His name may not stand out as much as junior quarterback Bryce Petty, junior running back Lache Seastrunk or senior safety Ahmad Dixon on the big plays.
Yet the journey of a 26-year-old former minor league baseball player who came back to school to play football is why Fuller is an inspirational figure among the football team.
Fuller originally signed with Baylor to play baseball in November of 2005 but was selected in the fourth round of the Major League Baseball draft by the Los Angeles Angels.
“When I ended up getting drafted, it was perfect,” Fuller said. “It was exactly what I wanted to do. Then you get into it, and it’s not all glamorous or a lifestyle that I wanted to pursue.”
Fuller said he enjoyed five and a half years with the Angels and traveled all over the country playing the game, but said he saw many unhealthy relationships.
He decided that the uncertain lifestyle of minor league baseball didn’t match up with his dreams to start a family. In 2011 Fuller decided it was time for a change.
“I was in Frisco playing the Rough Riders, and I’d been talking to my parents, so I called my high school football coach and told him what I was thinking. He asked me if I wanted to contact schools and I said no. I wanted to talk to Baylor,” he said. “[Head football coach Art] Briles is there and I was already committed to play baseball there. So my coach said he would call him.”
Five minutes later at batting practice, Fuller received a phone call. His coach’s voice came through the phone, “Coach Briles is waiting on you. Let’s go.”
Three days before he was set to play football, Fuller was playing baseball.
“I had my first baseman throwing me pass routes that night on the baseball field because I didn’t know if I could still catch anymore,” Fuller said.
Fuller arrived on campus ready to go in the fall of 2011.
No. 23 has played a limited role on the team for the past two seasons, even recovering the fumble in the final seconds to clinch one of the most talked-about games in Baylor history against Oklahoma in 2011.
With his increased role this season, Fuller has nine catches for 171 yards and a touchdown.
But his contribution to the team and Baylor extends much farther than the field.
The two-time All Big-12 Honor Roll member and Dean’s list honoree has mentored many of his teammates.
“Clay really helps give aspiring professional athletes good advice on how to achieve their goals,” senior linebacker Eddie Lackey said. “It’s nice to have someone with experience on our team.”
What’s even more important to Fuller than the game, is his future.

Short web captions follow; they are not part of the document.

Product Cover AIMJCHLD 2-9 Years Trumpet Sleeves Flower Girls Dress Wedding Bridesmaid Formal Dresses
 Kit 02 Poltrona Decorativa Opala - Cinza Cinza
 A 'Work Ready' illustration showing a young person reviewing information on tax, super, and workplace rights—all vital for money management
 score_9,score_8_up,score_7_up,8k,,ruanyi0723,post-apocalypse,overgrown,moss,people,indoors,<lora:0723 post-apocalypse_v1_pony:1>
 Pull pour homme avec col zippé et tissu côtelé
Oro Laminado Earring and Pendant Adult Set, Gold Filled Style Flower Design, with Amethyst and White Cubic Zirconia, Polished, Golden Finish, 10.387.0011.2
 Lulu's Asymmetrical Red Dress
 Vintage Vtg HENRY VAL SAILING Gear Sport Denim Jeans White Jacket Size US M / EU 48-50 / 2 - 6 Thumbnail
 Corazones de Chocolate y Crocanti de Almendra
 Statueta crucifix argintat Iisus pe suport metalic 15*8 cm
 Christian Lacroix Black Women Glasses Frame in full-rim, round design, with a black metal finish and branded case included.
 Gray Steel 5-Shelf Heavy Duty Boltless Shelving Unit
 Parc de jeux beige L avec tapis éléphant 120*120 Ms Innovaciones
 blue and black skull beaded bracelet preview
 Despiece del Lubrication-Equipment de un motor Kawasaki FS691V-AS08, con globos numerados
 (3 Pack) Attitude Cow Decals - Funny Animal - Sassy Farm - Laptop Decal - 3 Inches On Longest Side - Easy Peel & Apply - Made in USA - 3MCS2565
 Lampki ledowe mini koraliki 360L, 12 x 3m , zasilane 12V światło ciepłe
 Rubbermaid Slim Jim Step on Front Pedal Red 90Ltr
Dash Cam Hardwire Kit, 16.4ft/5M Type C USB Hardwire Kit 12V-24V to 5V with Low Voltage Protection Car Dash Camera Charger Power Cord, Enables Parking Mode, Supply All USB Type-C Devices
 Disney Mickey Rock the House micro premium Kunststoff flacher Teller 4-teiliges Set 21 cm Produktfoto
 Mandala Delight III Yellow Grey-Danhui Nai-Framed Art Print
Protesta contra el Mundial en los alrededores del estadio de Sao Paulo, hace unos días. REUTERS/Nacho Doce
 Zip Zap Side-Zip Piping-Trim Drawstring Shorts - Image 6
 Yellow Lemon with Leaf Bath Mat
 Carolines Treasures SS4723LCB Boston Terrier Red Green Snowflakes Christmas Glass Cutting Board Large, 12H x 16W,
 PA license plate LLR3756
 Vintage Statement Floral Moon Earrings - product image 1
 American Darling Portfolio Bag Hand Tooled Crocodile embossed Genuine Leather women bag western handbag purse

“Clay is very focused on the reason he’s here,” Petty said. “He’s always diligent about getting his work done and working hard.”
Along with starting a family, Fuller is already planning a bright future after Baylor.
“I want to develop neighborhoods,” Fuller said. “After college, I want to work for a developer and eventually go into business with my father and brothers.”
Fuller’s father and two brothers, who were all football and baseball athletes at Texas Tech, are involved in construction.
Kenny Fuller, Clay Fuller’s dad, most recently was involved in building the new H-E-B on Valley Mills Drive in Waco.
Fuller volunteers with Fellowship of Christian Athletes and speaks to kids at the McLennan County Juvenile Detention Center.
“Me choosing Baylor was a huge faith step,” Fuller said. “How could God give me the chance to go play professional baseball and it not work out? Because it was His plan and not mine. Coming to Baylor was a huge step, and it’s been great.”